» RECORD SET:
========================

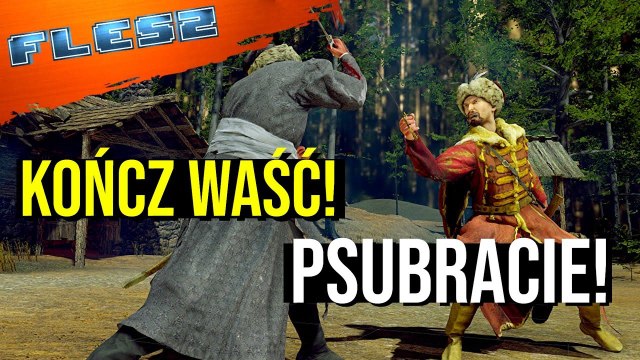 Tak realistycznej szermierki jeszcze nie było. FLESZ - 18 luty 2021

========================

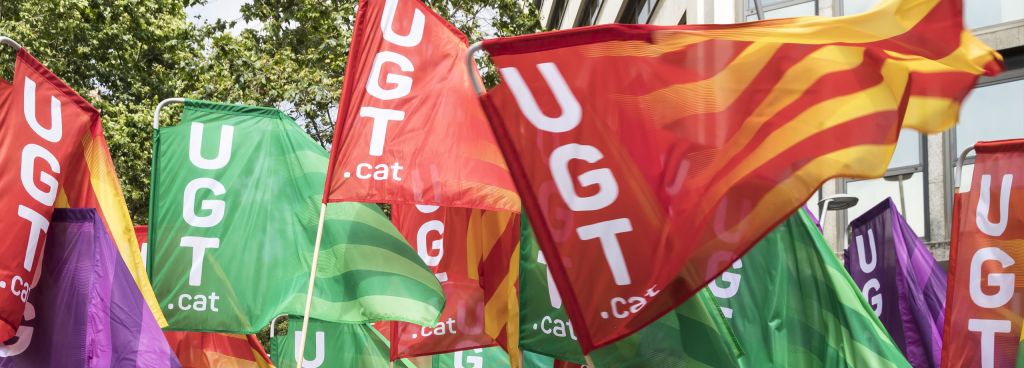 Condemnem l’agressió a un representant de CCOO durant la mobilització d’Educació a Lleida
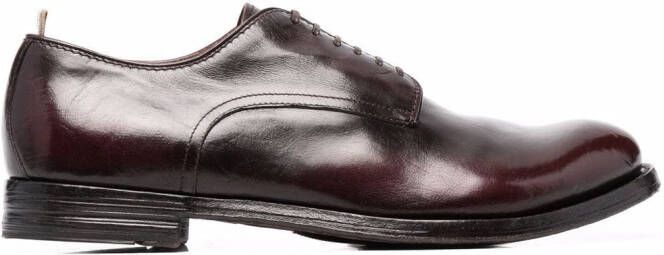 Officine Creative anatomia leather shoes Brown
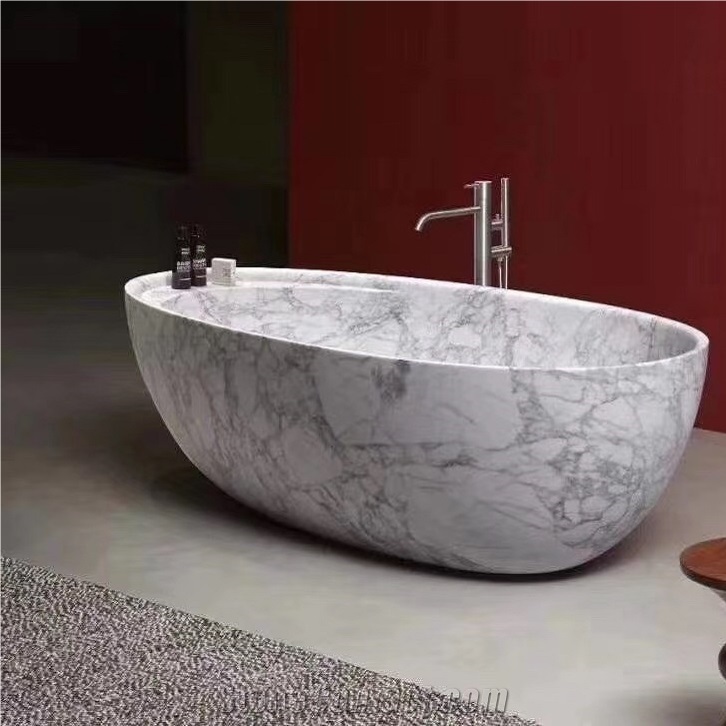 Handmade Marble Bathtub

========================

All that should be printed is the run of lines above from the one with "Condemnem l’agressió a" through the one with "Handmade Marble Bathtub", both included, exactly as given, with pictures left out.

» EXERCISE OUTPUT:
 Condemnem l’agressió a un representant de CCOO durant la mobilització d’Educació a Lleida
 Officine Creative anatomia leather shoes Brown
 Handmade Marble Bathtub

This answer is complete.